> _DATA FOR REVIEW_:
---+---
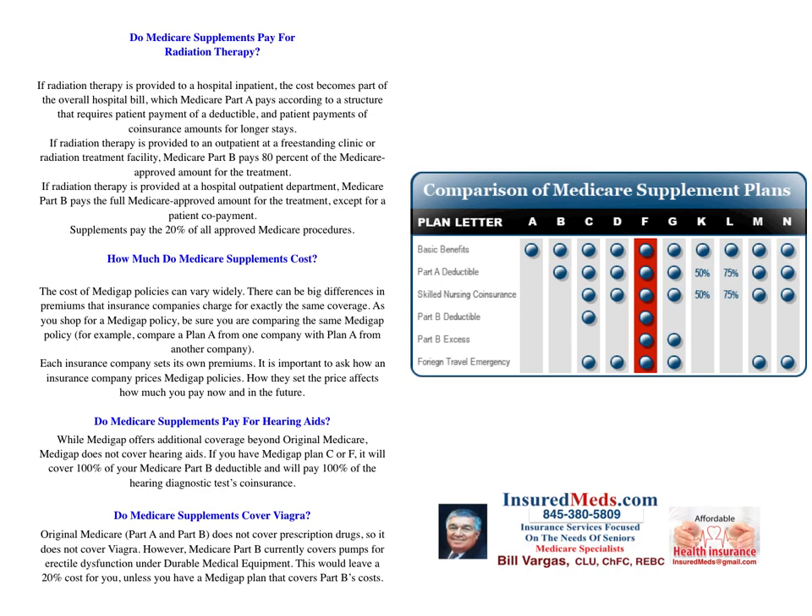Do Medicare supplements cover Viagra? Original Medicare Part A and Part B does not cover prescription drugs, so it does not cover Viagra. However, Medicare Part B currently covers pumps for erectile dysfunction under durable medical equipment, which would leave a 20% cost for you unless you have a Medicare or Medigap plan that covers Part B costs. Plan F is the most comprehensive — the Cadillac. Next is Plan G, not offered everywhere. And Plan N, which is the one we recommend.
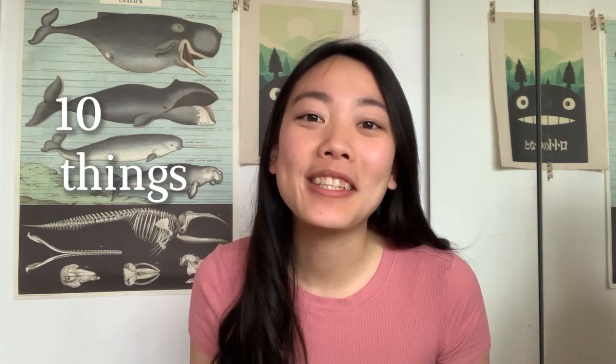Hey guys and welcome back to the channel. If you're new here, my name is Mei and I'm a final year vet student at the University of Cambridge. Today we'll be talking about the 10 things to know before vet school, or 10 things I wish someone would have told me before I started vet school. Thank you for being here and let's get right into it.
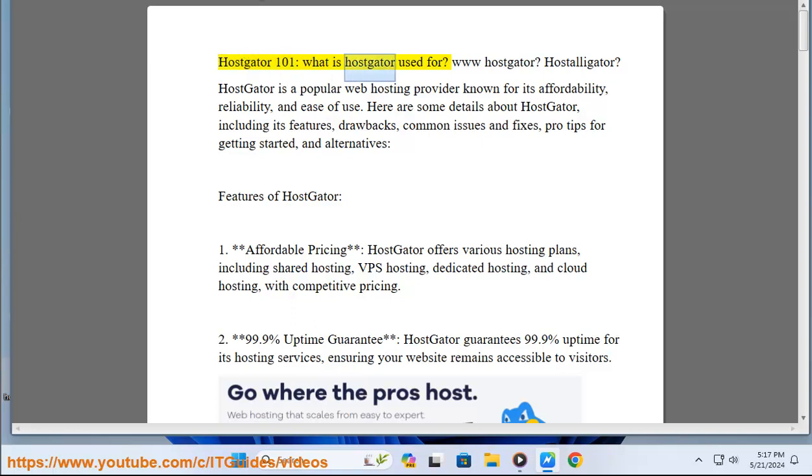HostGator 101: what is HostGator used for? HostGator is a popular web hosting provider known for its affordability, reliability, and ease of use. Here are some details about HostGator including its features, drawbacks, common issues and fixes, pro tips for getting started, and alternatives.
---+---
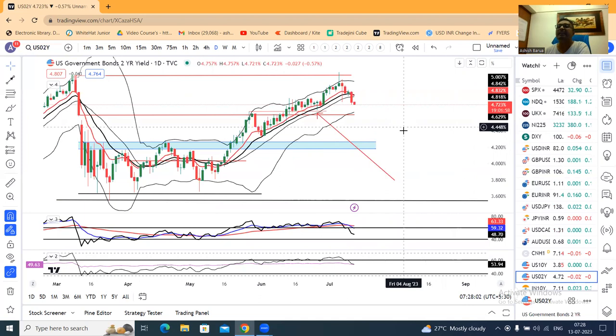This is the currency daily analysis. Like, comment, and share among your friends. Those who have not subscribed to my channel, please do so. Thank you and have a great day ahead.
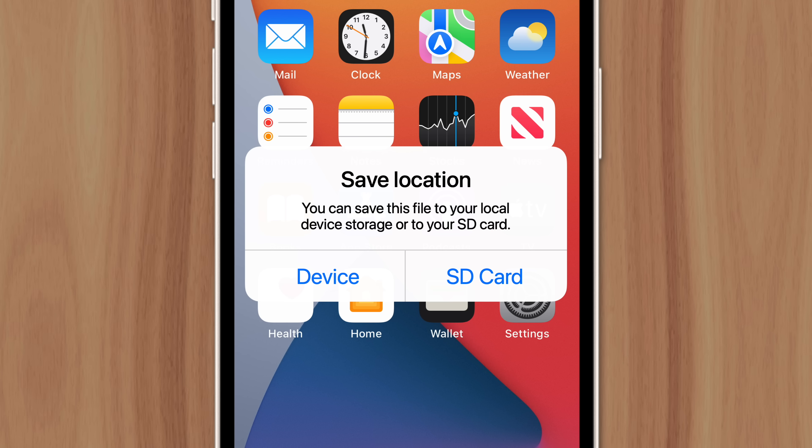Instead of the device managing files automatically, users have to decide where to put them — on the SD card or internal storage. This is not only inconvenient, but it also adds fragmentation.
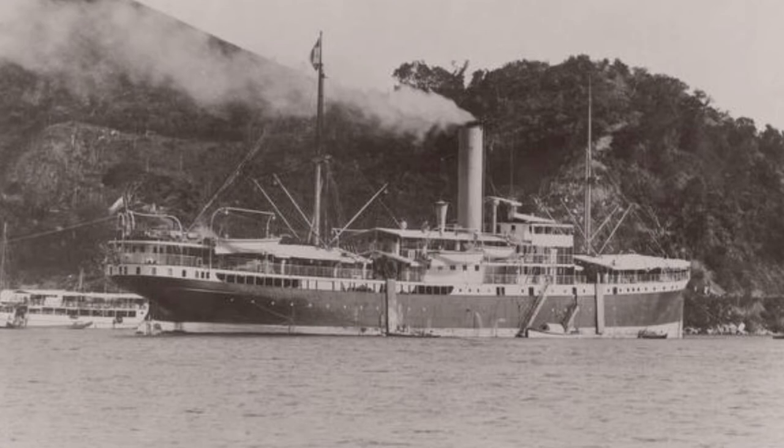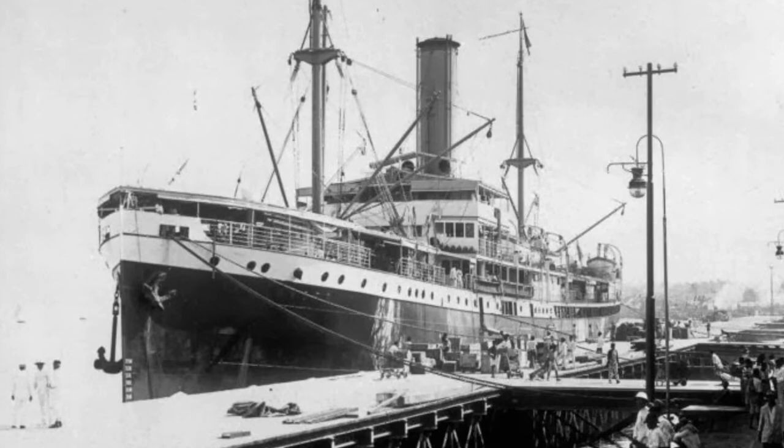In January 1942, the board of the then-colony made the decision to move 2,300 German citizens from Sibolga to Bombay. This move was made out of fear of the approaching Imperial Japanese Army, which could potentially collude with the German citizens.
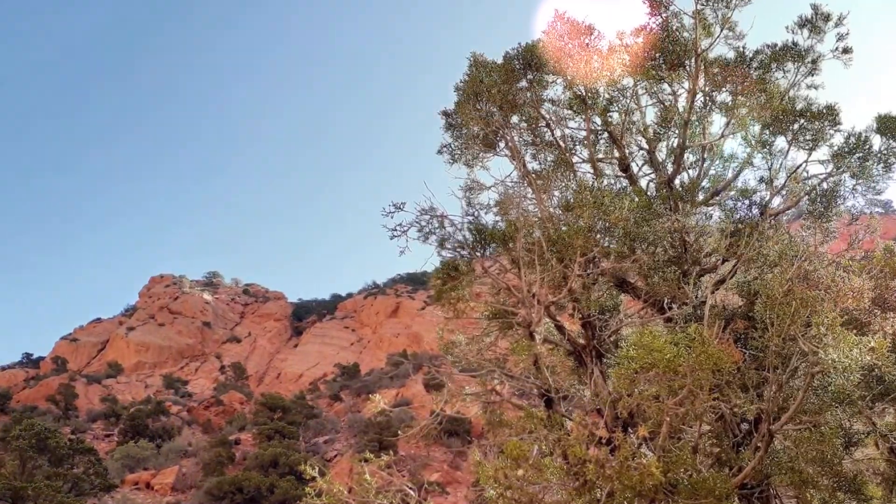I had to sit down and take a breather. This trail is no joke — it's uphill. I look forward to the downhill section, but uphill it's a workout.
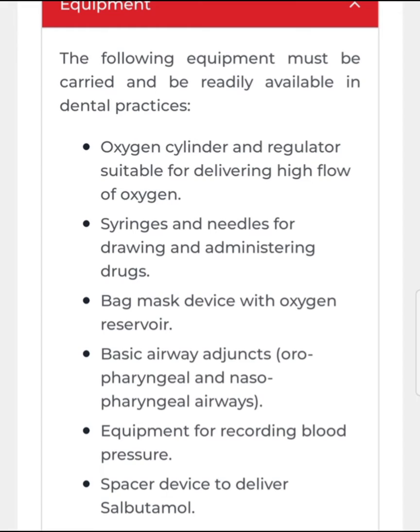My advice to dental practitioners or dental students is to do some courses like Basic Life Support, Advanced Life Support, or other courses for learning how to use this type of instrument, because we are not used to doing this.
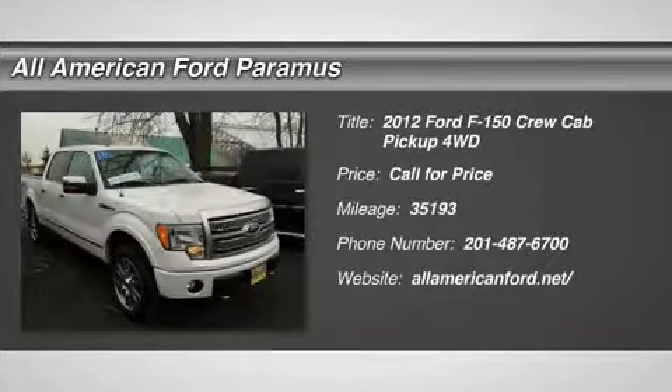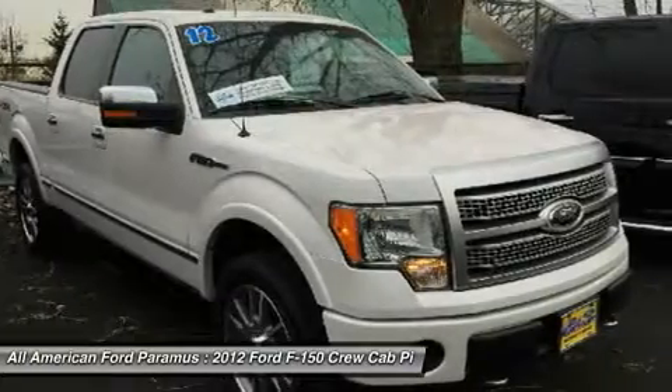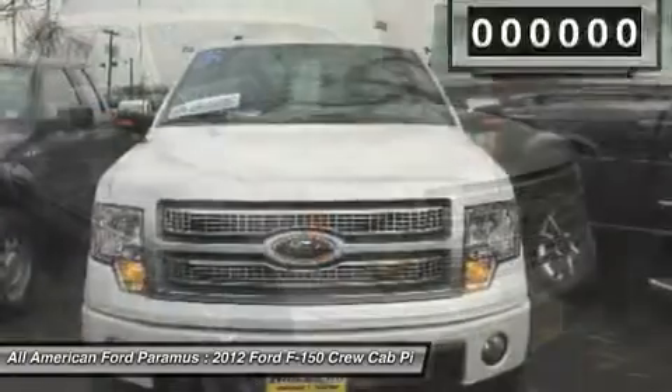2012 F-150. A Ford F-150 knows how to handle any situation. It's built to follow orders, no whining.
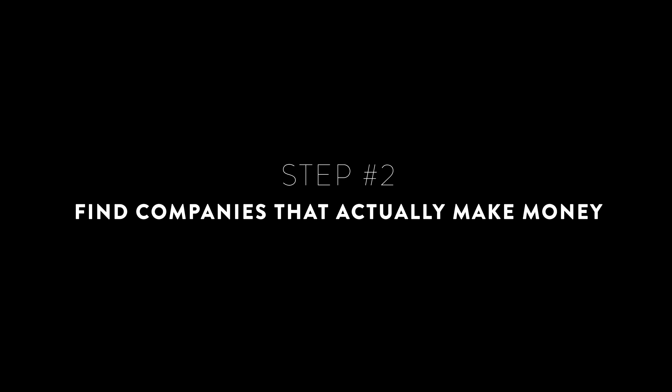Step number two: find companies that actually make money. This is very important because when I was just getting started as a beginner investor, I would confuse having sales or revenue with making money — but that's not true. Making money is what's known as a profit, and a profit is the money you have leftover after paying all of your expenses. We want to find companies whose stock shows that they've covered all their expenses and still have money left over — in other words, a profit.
---+---
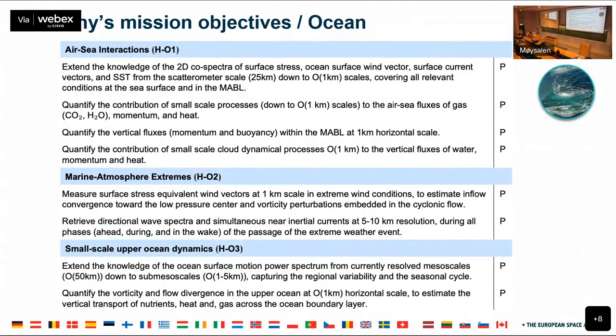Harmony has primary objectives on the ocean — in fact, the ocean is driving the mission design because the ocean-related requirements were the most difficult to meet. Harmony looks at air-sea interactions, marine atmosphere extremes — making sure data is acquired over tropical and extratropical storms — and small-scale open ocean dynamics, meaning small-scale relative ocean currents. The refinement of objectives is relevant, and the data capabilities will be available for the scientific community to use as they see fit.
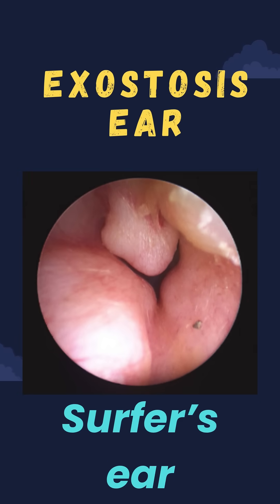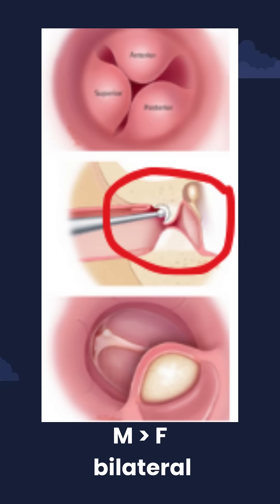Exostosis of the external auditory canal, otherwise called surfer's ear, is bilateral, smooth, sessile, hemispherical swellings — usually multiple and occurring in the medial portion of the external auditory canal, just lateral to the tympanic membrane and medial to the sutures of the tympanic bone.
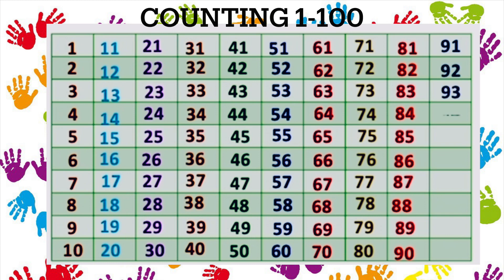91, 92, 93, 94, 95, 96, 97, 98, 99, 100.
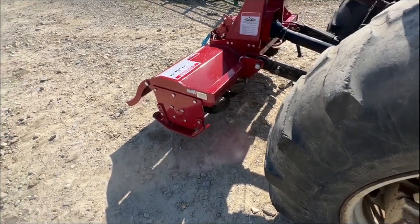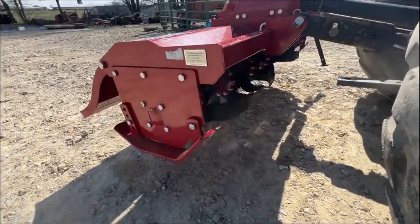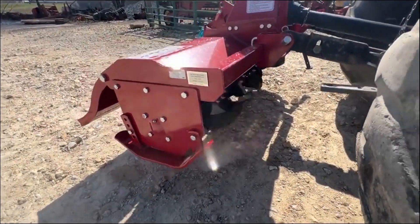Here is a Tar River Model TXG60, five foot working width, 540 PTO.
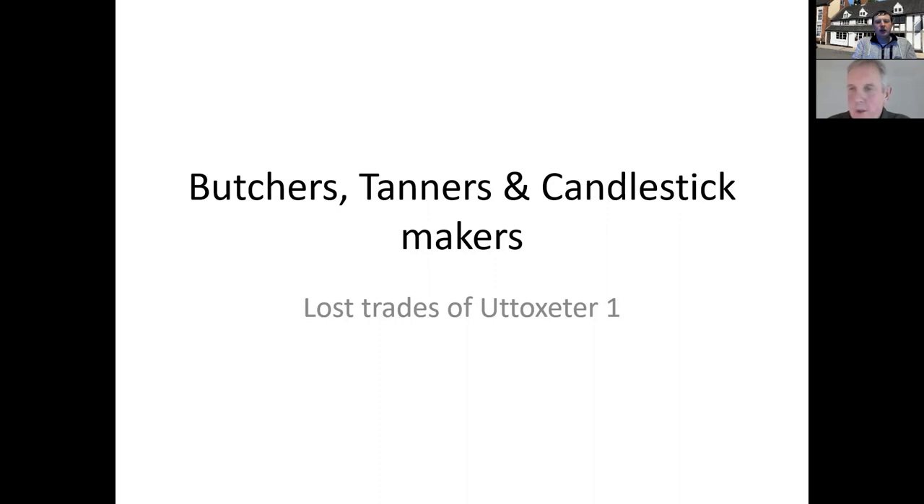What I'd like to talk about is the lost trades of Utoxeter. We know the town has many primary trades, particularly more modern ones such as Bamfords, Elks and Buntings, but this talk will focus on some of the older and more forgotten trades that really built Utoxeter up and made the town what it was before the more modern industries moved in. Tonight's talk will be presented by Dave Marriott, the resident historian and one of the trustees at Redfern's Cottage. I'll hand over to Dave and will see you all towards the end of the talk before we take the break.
---+---
> _HOW TO COMPLETE THIS TASK_: A clean copy is needed of the lines in the listing above from the one with "My advice to" through the one with "Step number two: find", exact in every word and free of pictures.

> _COMPLETED EXERCISE_:
My advice to dental practitioners or dental students is to do some courses like Basic Life Support, Advanced Life Support, or other courses for learning how to use this type of instrument, because we are not used to doing this.
2012 F-150. A Ford F-150 knows how to handle any situation. It's built to follow orders, no whining.
Step number two: find companies that actually make money. This is very important because when I was just getting started as a beginner investor, I would confuse having sales or revenue with making money — but that's not true. Making money is what's known as a profit, and a profit is the money you have leftover after paying all of your expenses. We want to find companies whose stock shows that they've covered all their expenses and still have money left over — in other words, a profit.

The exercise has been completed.